Now that we no longer have to worry about man eating creatures, our fear responses have found new situations to stress over for example, redundancy,  starting your own business or asking someone you find attractive out on a date. Although all of these things have a very low death rate, the fight or flight response is still activated making us feel powerless and vulnerable in these situations.

“Our mind does one thing over and over that leaves us less intelligent: it constantly puts us in a fantasy world that includes our worst-case scenario.” – James Altucher

Most fear is caused through a lack of knowledge around a given situation.

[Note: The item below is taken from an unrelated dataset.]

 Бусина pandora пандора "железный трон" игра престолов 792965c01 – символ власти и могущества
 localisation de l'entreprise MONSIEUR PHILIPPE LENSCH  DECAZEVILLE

If you knew that the beautiful women in the café window, found guys like you attractive, was currently single and was looking for someone confident enough to ask her out on a date you’d probably think your odds had improved. If you then found out that she was also best mates with one of your friends and had mentioned to them how attractive she thought you were, your confidence would be sky high and you’d probably attempt asking her out. At no point had the situation changed but your knowledge around it had and so the possibility of rejection was reduced and so was your fear.

F.E.A.R = False Evidence Appearing Real

Living a life on the other side of fear is proactive, not reactive. It acknowledges power and safety rather than powerlessness and vulnerability by allowing you to move forward and shift your ideas on what is possible. Often it’s the things we fear most that provide the biggest rewards, so learning to walk through fear rather than walking away can open doors to new opportunities and less regrets further down the line.